While the effectiveness of upper endoscopy has been established for acute nonvariceal upper gastrointestinal tract hemorrhage, its optimal timing has not been clearly defined. Early endoscopy has been advocated for its ability to achieve prompt diagnosis, risk stratification, and therapeutic hemostasis.
To determine whether early vs delayed endoscopy improves patient and economic outcomes for all risk groups with nonvariceal upper gastrointestinal tract hemorrhage.
A systematic review of 3 computerized databases (MEDLINE, HEALTHSTAR, and Cochrane Database of Systematic Reviews) was performed along with hand searching of published abstracts to identify English-language citations from 1980 to 2000.
Twenty-three studies met explicit inclusion criteria.
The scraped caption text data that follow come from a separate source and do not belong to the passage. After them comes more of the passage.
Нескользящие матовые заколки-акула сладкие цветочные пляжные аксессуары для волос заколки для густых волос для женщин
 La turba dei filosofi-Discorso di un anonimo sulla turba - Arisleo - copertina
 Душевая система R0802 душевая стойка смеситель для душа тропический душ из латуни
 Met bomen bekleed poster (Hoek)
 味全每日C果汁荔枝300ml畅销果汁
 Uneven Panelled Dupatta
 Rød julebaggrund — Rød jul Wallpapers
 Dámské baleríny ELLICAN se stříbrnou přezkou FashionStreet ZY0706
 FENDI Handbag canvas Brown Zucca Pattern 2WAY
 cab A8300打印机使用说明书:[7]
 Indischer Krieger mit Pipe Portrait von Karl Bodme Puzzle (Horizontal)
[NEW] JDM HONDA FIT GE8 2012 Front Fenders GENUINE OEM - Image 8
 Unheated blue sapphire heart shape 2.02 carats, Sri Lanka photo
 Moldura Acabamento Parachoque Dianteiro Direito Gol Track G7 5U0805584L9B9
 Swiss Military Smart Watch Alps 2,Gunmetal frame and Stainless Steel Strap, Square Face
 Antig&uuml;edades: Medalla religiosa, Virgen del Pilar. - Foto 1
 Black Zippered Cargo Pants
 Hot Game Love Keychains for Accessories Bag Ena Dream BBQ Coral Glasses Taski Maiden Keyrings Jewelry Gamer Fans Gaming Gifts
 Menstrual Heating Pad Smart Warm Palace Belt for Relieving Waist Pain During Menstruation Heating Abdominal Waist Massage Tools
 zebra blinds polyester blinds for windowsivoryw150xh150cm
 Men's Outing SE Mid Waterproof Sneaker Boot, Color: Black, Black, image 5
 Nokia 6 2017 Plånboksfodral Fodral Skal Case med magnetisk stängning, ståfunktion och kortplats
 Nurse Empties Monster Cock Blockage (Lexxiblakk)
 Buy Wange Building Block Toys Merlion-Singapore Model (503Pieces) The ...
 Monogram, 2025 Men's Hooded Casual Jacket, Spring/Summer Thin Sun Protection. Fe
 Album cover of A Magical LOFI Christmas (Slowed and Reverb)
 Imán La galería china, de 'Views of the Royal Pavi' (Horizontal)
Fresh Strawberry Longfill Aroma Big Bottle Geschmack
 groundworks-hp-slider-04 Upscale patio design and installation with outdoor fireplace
The highest-quality study examining outcomes in low-risk patients found no significant complications at 1-month follow-up for any outpatients managed with early endoscopy. The largest randomized trial of high-risk patients showed no mortality benefit but a significant decrease in transfusion requirements with early endoscopy. Seven of the 8 studies examining the effect of early endoscopy on length of stay as a measure of resource utilization demonstrated a significant reduction compared with that of delayed endoscopy. However, most included studies were found to suffer from 1 or more potentially significant methodologic shortcomings.
The overwhelming majority of existing data suggest that early endoscopy is safe and effective for all risk groups. The clinical and economic outcomes of early endoscopy should be confirmed in additional well-designed randomized controlled trials. Given the strength of the evidence, efforts to develop a more standardized and time-sensitive approach to acute nonvariceal upper gastrointestinal tract hemorrhage should be undertaken.